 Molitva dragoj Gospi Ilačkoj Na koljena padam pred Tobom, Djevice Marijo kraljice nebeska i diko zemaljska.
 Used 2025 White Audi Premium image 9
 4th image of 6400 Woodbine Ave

-------------------------

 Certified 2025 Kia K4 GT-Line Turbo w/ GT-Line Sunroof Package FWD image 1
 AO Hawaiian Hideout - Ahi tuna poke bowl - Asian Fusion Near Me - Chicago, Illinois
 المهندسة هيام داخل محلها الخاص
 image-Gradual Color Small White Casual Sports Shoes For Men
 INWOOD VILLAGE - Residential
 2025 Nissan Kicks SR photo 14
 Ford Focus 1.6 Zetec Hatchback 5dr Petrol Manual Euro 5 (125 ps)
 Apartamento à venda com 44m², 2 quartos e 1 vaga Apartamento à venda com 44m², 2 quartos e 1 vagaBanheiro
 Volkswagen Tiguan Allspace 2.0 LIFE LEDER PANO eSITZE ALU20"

-------------------------

What is being asked :: Here the output must be the lines above from the line with "AO Hawaiian Hideout" to the line with "2025 Nissan Kicks SR photo 14", both included, duplicated word for word and nothing else.

Written solution ::
 AO Hawaiian Hideout - Ahi tuna poke bowl - Asian Fusion Near Me - Chicago, Illinois
 المهندسة هيام داخل محلها الخاص
 image-Gradual Color Small White Casual Sports Shoes For Men
 INWOOD VILLAGE - Residential
 2025 Nissan Kicks SR photo 14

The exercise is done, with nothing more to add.